Query performance (Avoid Cluster index scan and Lazy spool)

  • bas_vdl (5/15/2014)


    So how can i measure the actual query time to get a good comparison?

    Pipe the results to a temporary table:

    IF OBJECT_ID('tempdb..#discard') IS NOT NULL

    DROP TABLE #discard

    GO

    SELECT (

    SELECT TOP(1) COUNTRY_CODE_ALPHA2

    FROM dbo.IP2COUNTRY_LOOKUP C

    WHERE START = (

    SELECT TOP(1) START

    FROM DBO.IP2COUNTRY_LOOKUP

    WHERE START <= E.SOURCE_ADDRESS_INT

    ORDER BY START DESC

    )

    AND [END] >= E.SOURCE_ADDRESS_INT

    ) AS SRC_COUNTRY_CODE_ALPHA2,

    E.*

    INTO #discard

    FROM SECURITY_EVENTS_STG_TEST E

    -- Gianluca Sartori

  • bas_vdl (5/15/2014)


    Hi HowardW,

    Thanks for your input. You're right about the fact that the ip ranges are not overlapping. The query you suggest is very slow. In my first post I refered tot this tyope of query and the performance are really poor (+4 min. on the current data set)
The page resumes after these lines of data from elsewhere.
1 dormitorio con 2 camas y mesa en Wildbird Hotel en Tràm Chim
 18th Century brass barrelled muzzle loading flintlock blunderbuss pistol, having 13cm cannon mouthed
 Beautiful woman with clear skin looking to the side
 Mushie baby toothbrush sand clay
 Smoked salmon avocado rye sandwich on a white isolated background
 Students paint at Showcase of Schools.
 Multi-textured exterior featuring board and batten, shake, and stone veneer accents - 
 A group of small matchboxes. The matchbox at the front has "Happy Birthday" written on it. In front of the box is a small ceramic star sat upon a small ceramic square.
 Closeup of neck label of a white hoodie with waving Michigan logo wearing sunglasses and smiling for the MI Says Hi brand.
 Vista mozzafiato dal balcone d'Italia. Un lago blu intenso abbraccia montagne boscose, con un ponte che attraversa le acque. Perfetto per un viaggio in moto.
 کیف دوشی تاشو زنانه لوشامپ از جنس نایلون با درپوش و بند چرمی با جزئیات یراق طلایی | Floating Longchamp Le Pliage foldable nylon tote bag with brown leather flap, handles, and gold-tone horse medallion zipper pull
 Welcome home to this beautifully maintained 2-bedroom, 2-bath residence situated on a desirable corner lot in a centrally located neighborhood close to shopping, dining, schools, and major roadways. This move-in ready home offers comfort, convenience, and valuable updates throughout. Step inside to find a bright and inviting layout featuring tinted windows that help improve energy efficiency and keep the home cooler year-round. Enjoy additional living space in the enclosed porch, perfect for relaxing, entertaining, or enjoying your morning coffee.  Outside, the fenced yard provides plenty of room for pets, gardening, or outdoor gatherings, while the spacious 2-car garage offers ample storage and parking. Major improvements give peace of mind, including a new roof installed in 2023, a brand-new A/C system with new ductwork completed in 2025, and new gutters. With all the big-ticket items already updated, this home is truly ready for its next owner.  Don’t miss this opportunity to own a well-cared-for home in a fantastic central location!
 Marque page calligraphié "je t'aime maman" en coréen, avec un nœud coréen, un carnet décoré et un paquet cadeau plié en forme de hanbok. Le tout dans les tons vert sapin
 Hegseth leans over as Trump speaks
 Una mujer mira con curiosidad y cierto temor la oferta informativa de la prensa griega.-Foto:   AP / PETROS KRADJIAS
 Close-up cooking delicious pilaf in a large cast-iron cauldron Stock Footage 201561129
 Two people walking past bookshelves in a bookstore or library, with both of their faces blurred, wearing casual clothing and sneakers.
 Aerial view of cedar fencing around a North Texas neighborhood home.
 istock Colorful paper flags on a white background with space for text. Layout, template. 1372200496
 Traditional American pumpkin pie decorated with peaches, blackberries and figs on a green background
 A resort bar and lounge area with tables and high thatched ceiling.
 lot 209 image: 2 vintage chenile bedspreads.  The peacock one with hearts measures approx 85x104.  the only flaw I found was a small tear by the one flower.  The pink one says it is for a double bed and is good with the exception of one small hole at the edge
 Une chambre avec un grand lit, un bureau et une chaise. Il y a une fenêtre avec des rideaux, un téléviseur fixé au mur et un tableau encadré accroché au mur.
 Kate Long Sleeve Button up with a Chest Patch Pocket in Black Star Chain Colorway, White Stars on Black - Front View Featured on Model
    If you change your clustered index on IP2COUNTRY_LOOKUP to START ASC,END ASC, does this improve?

    bas_vdl (5/15/2014)


    You second point is a good one. We are running SAP Business Objects. To get the records from the source system to our data warehouse I've build a work flow within SAP Data Services. I started by caching the IP2COUNTRY_LOOKUP table in memory and for every records I received from the source I tried to lookup the SRC_COUNTRY_CODE_ALPHA2. Poor SAP Data Services couldn't handle the lookup with a BETWEEN operator. Performance where so poor that I went back to an old school query.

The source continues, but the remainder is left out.